• **What you are asked to do**
From the first line of the entries below through the line bearing "Pantalon ample Orchidee en soie | Pucci", write out each line exactly. Omit pictures.

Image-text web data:
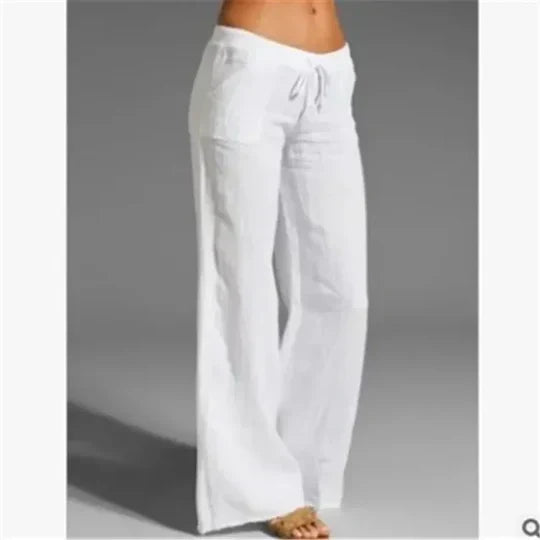 Ivyshape | Casual linen pants for summer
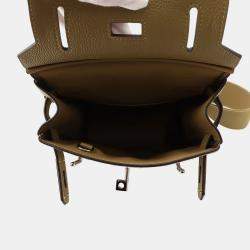 مملوكة مسبقًا Hermes Kelly Akkad PM Dune Togo Calfskin Leather Shoulder Bag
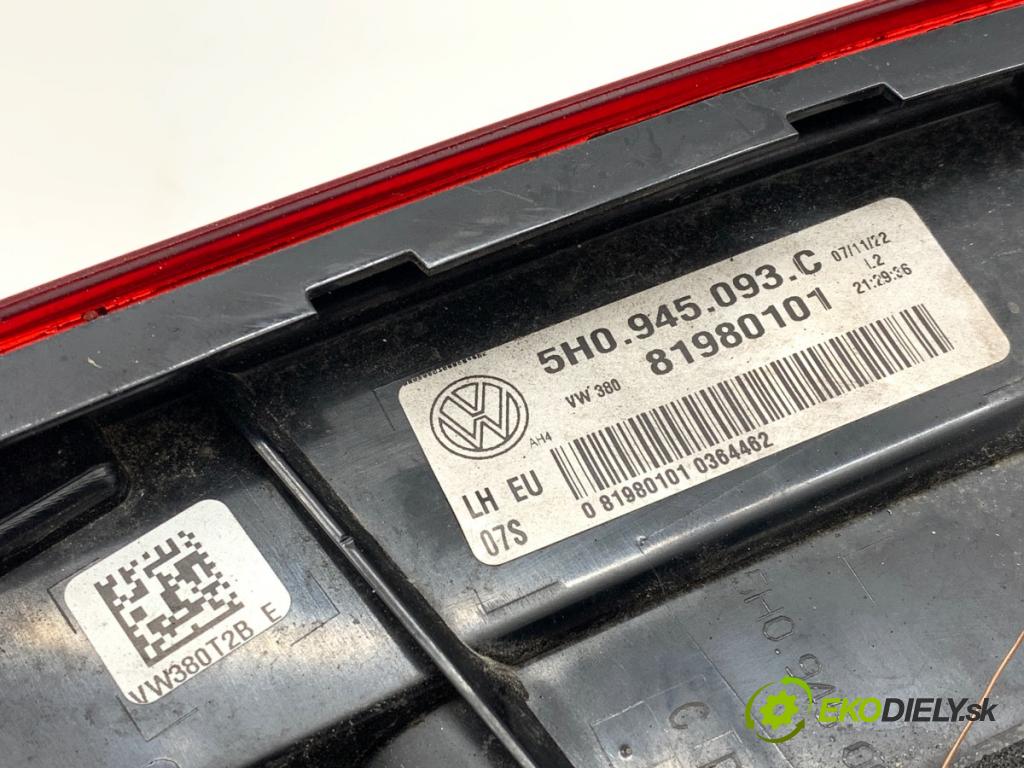 VW GOLF VIII Kombi 2022 110 kW 2.0 TDI 1968 Svetlo ľavy zad vnútorná 5H0945093C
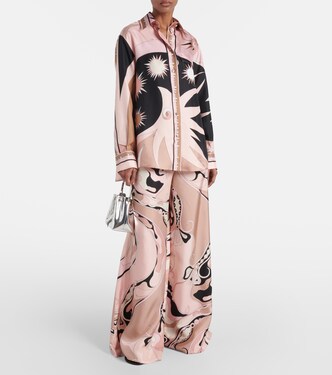 Pantalon ample Orchidee en soie | Pucci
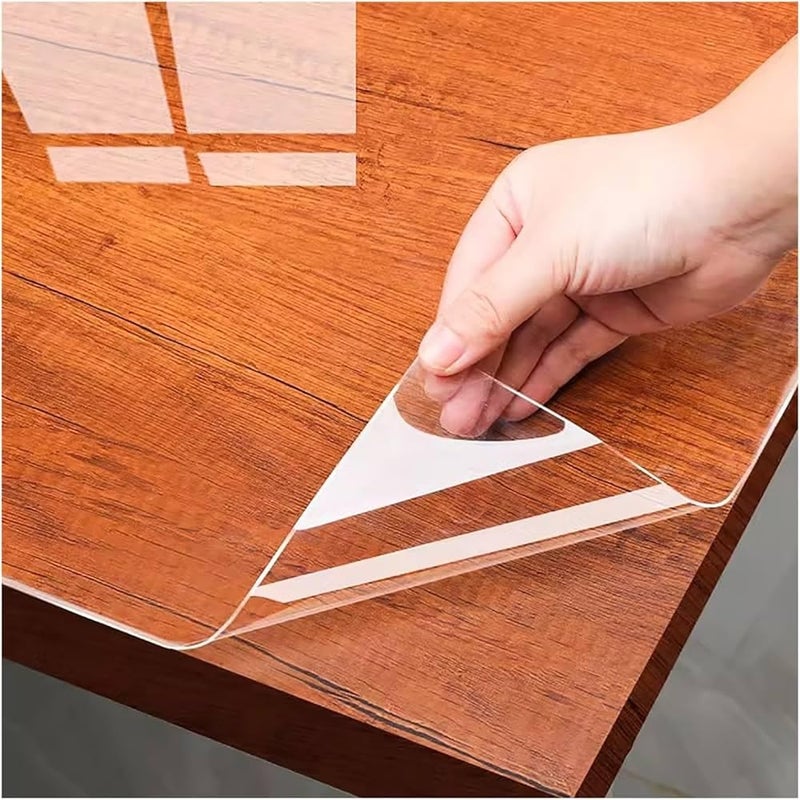 KAPIX Transparent Kitchen Wall Protection Film, Self-Adhesive Waterproof Wallpaper| Tile Cover- Self Adhesive Clear Furniture Wall Film (24 Inch X 1.21 Mtr) - Image 5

• **Exercise answer**
 Ivyshape | Casual linen pants for summer
 مملوكة مسبقًا Hermes Kelly Akkad PM Dune Togo Calfskin Leather Shoulder Bag
 VW GOLF VIII Kombi 2022 110 kW 2.0 TDI 1968 Svetlo ľavy zad vnútorná 5H0945093C
 Pantalon ample Orchidee en soie | Pucci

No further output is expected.